*Exercise description*:
Skip the images and restate every line of the records exactly.

#### Data for the task

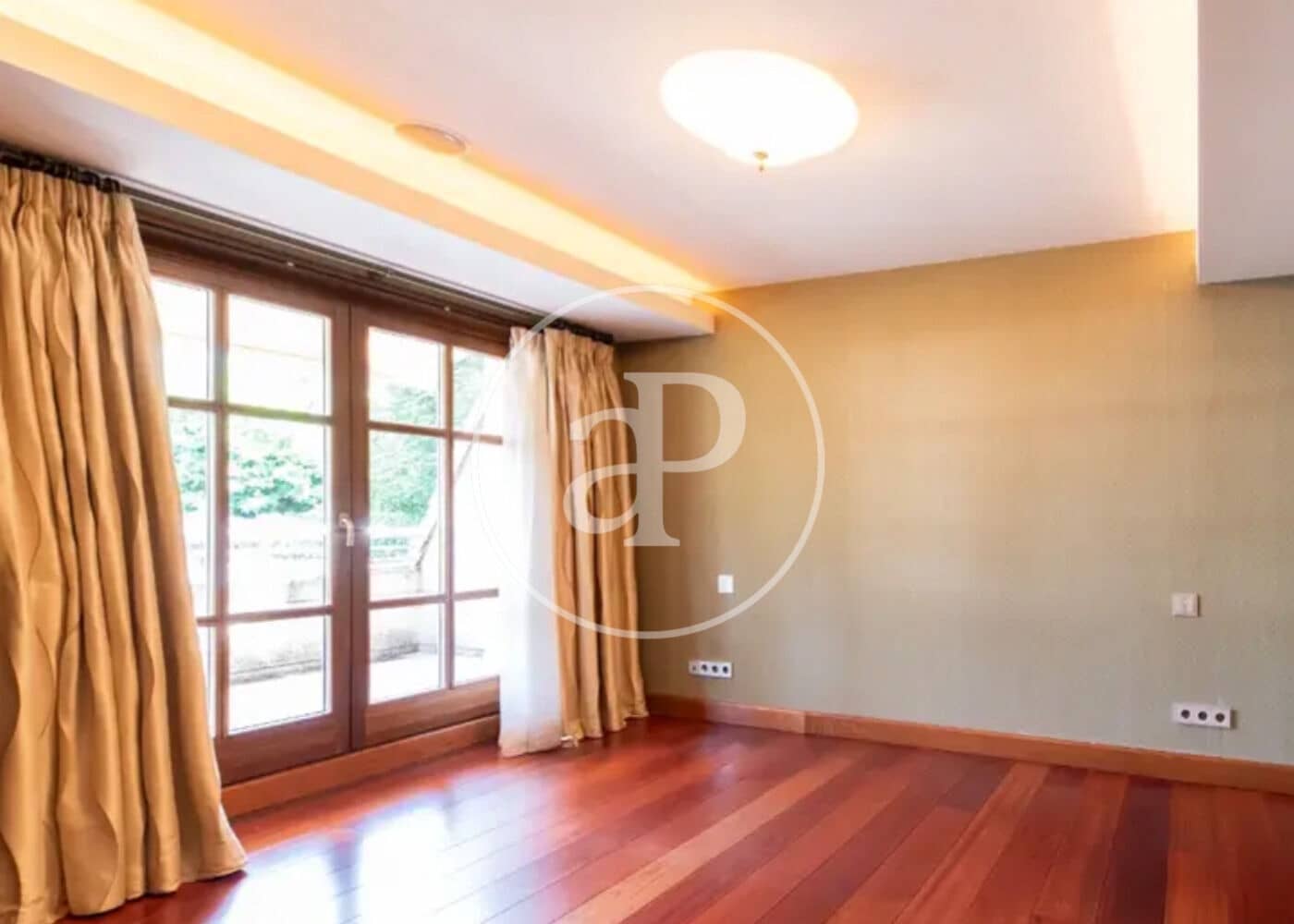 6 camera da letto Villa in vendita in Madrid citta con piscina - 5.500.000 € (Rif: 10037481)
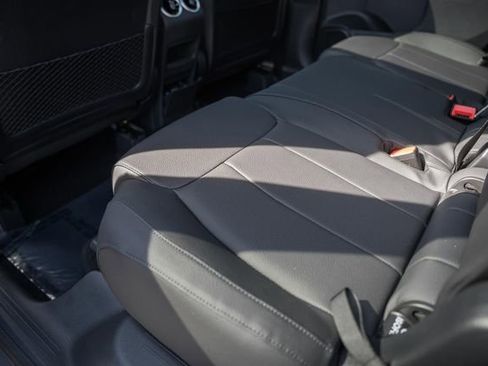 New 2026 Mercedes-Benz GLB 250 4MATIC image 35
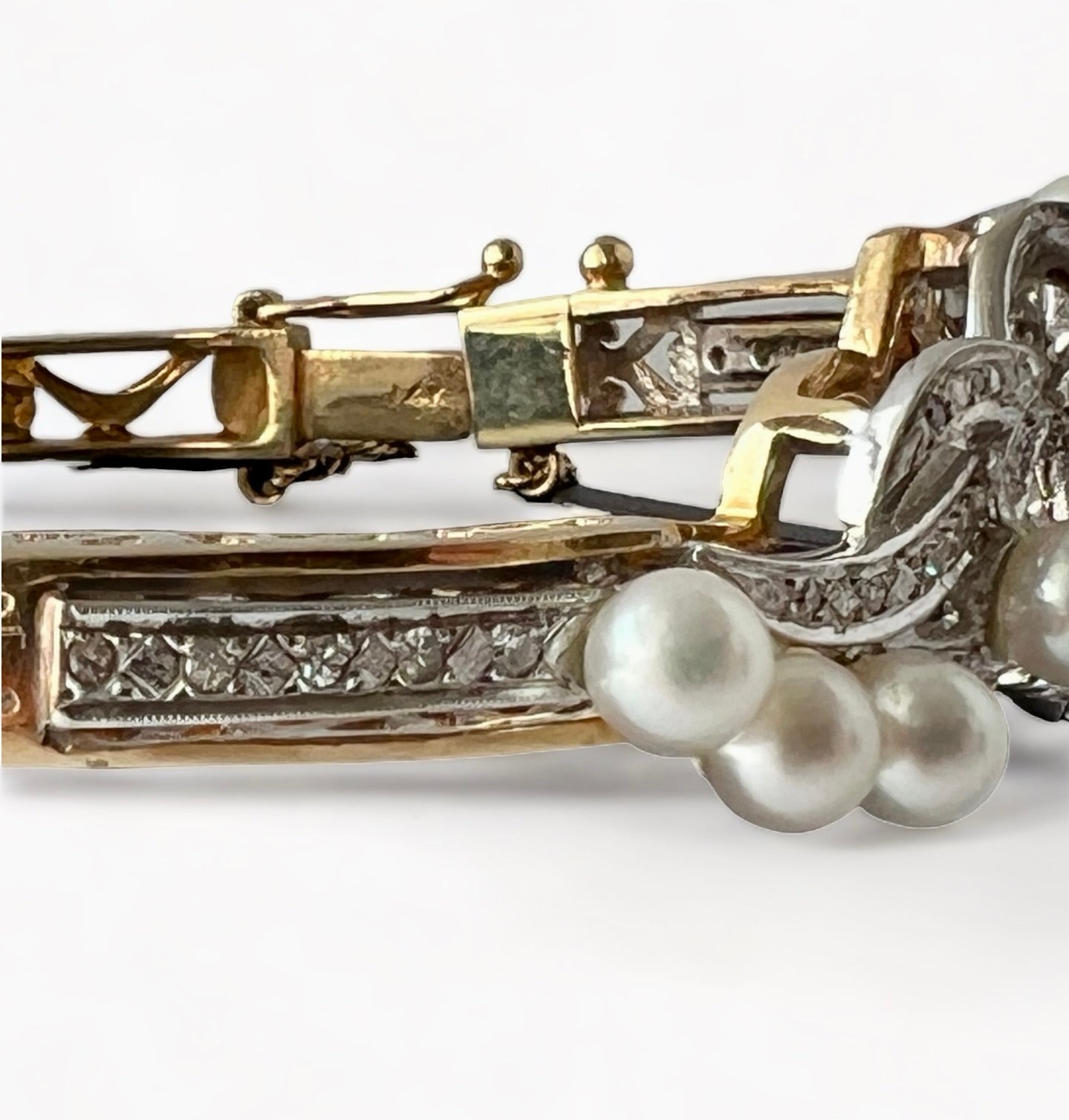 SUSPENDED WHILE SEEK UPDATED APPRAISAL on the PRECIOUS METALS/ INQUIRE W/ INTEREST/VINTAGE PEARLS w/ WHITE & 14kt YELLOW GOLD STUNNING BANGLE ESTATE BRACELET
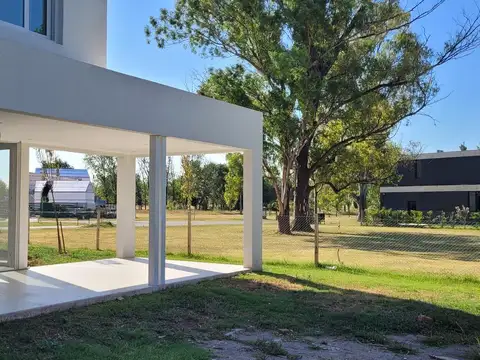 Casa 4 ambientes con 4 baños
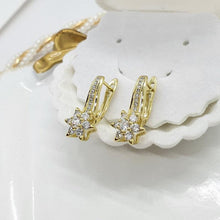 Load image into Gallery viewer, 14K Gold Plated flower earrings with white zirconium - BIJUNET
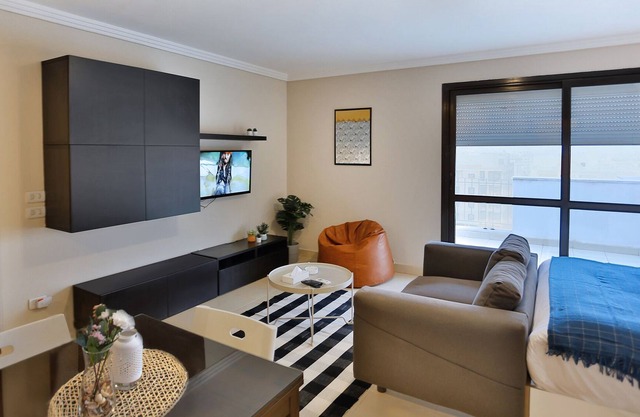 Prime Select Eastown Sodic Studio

########

*Response*:
 6 camera da letto Villa in vendita in Madrid citta con piscina - 5.500.000 € (Rif: 10037481)
 New 2026 Mercedes-Benz GLB 250 4MATIC image 35
 SUSPENDED WHILE SEEK UPDATED APPRAISAL on the PRECIOUS METALS/ INQUIRE W/ INTEREST/VINTAGE PEARLS w/ WHITE & 14kt YELLOW GOLD STUNNING BANGLE ESTATE BRACELET
 Casa 4 ambientes con 4 baños
 Load image into Gallery viewer, 14K Gold Plated flower earrings with white zirconium - BIJUNET
 Prime Select Eastown Sodic Studio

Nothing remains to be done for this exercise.